= Beginning of Section =
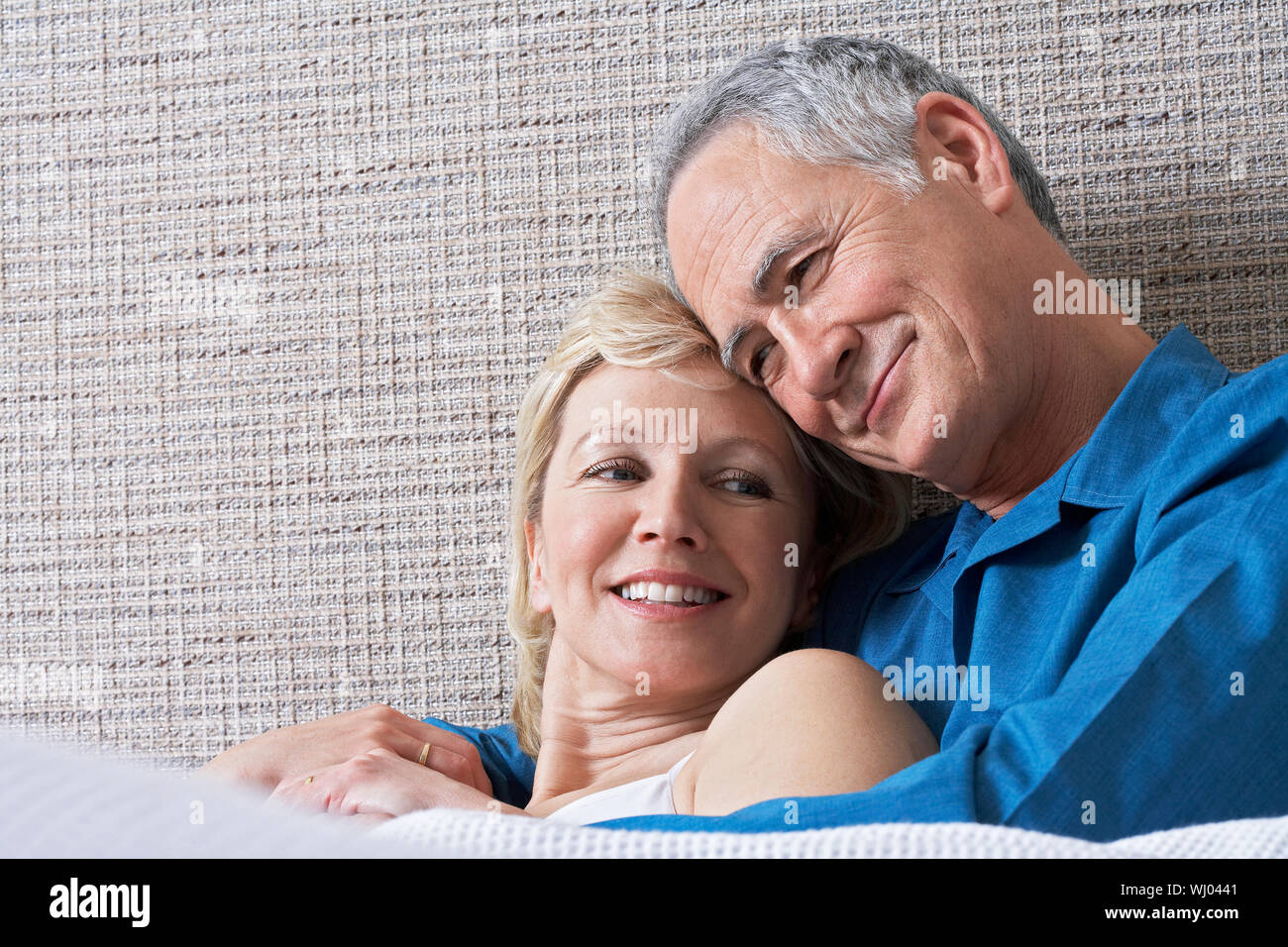 Two middle aged men hugging hi-res stock photography and images - Alamy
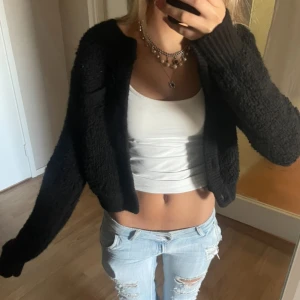 Svart cropped stickad kofta - Svart, croppad kofta med lång ärm och chunky stickad känsla. Koftan har en loose passform och är perfekt att slänga över ett linne eller t-shirt. Tjockt, mysigt material som ger en cool och avslappnad vibe.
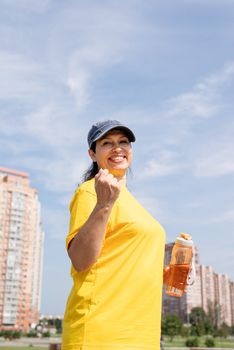 Sport and fitness. Senior sport. Active seniors. Excited senior woman drinking water after workout outdoors on the sports ground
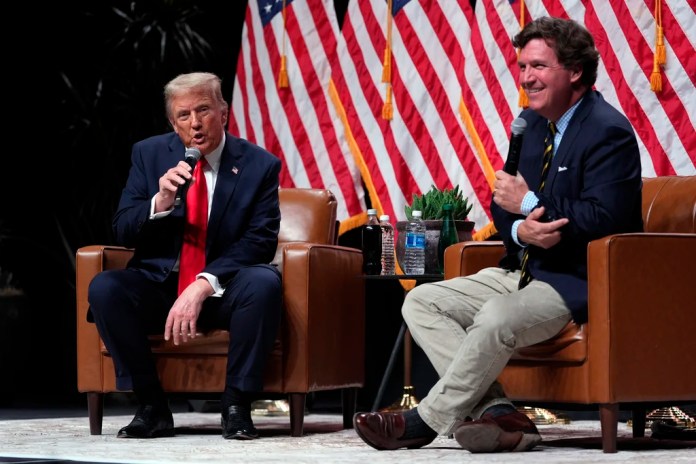 Republican presidential nominee former President Donald Trump speaks with Tucker Carlson.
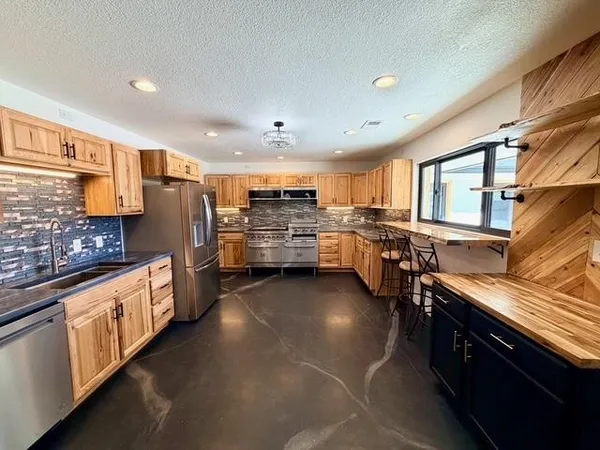 a living room with stainless steel appliances furniture a rug and a window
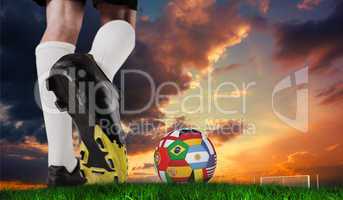 Composite image of football boot kicking flag ball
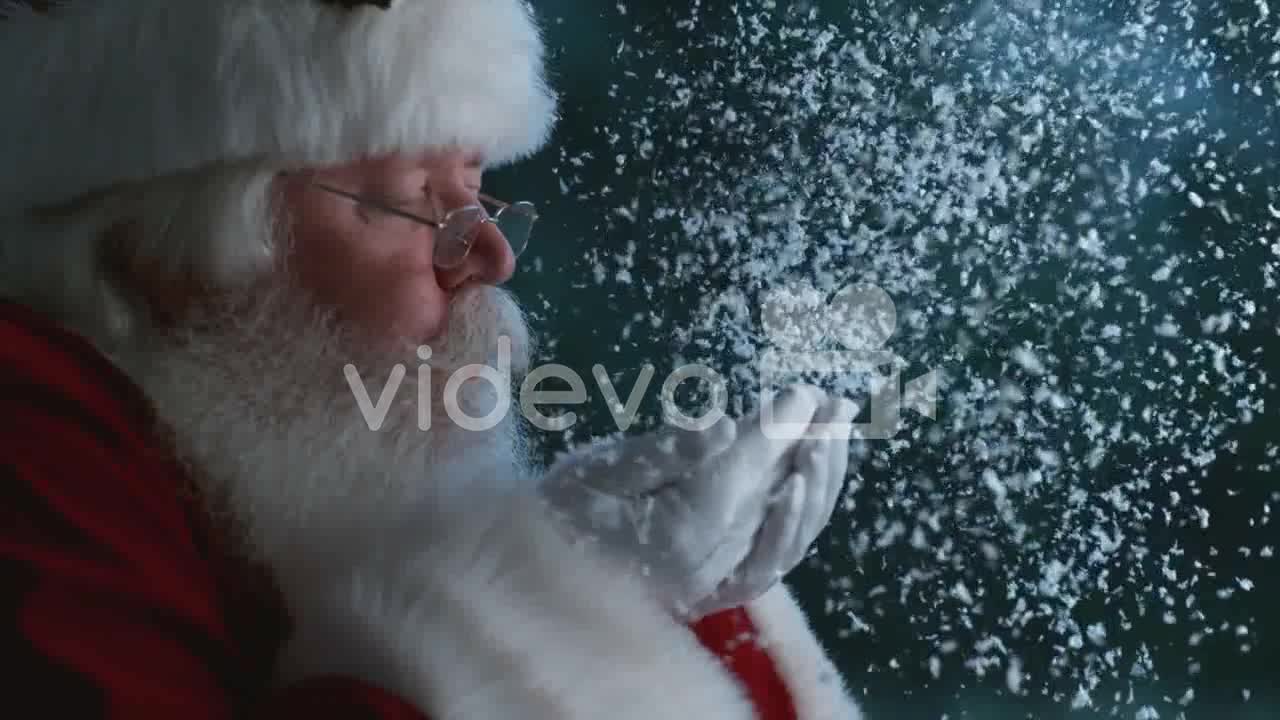 Santa Claus blowing snow from hands in slow motion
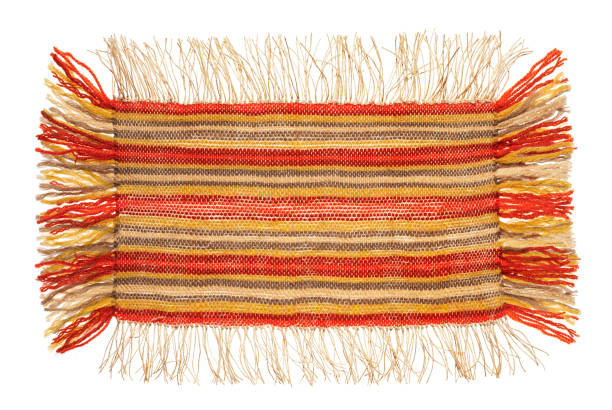 istock a small handmade rug or mat, woven from red and yellow wool threads, one object close-up 1326786759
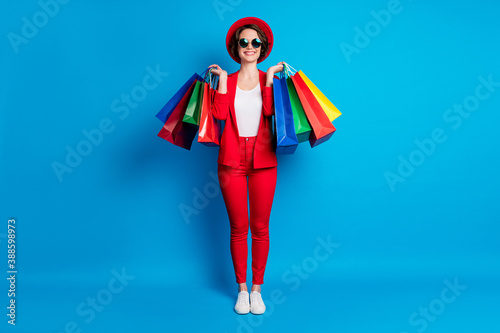 Full length body size view of nice fashionable cheerful lady wearing casual clothing carrying buyings isolated on bright blue color background
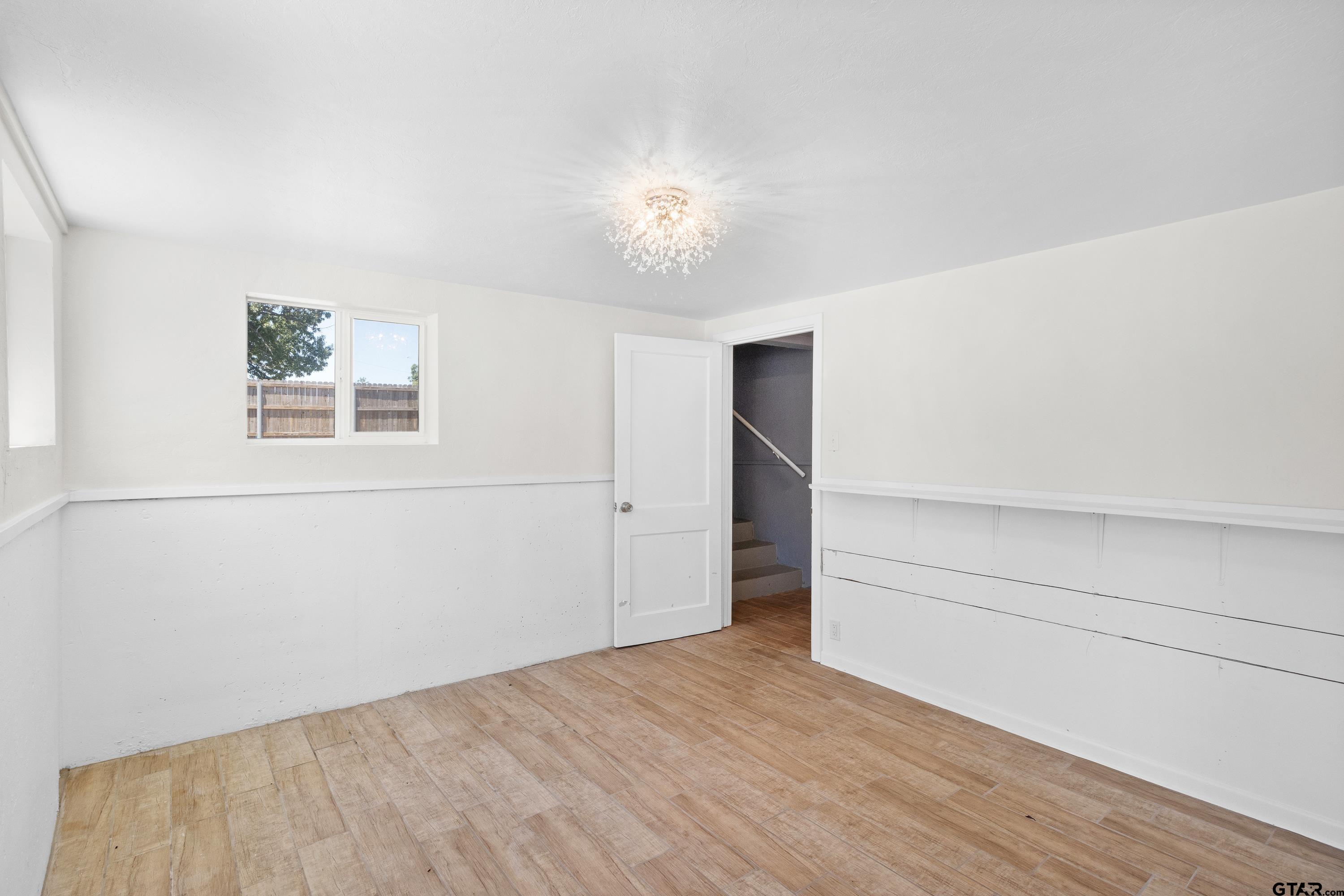 4456 Farm To Market Road 2767 Tyler, TX 75708 - Photo 33 of 46 a view of empty room with wooden floor and fan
= End of Section =
[What you have to do]: Between and including the line above that contains "Svart cropped stickad" and the line that contains "Republican presidential nominee", restate every line word for word. Pictures stay out.

[Solution]:
 Svart cropped stickad kofta - Svart, croppad kofta med lång ärm och chunky stickad känsla. Koftan har en loose passform och är perfekt att slänga över ett linne eller t-shirt. Tjockt, mysigt material som ger en cool och avslappnad vibe.
 Sport and fitness. Senior sport. Active seniors. Excited senior woman drinking water after workout outdoors on the sports ground
 Republican presidential nominee former President Donald Trump speaks with Tucker Carlson.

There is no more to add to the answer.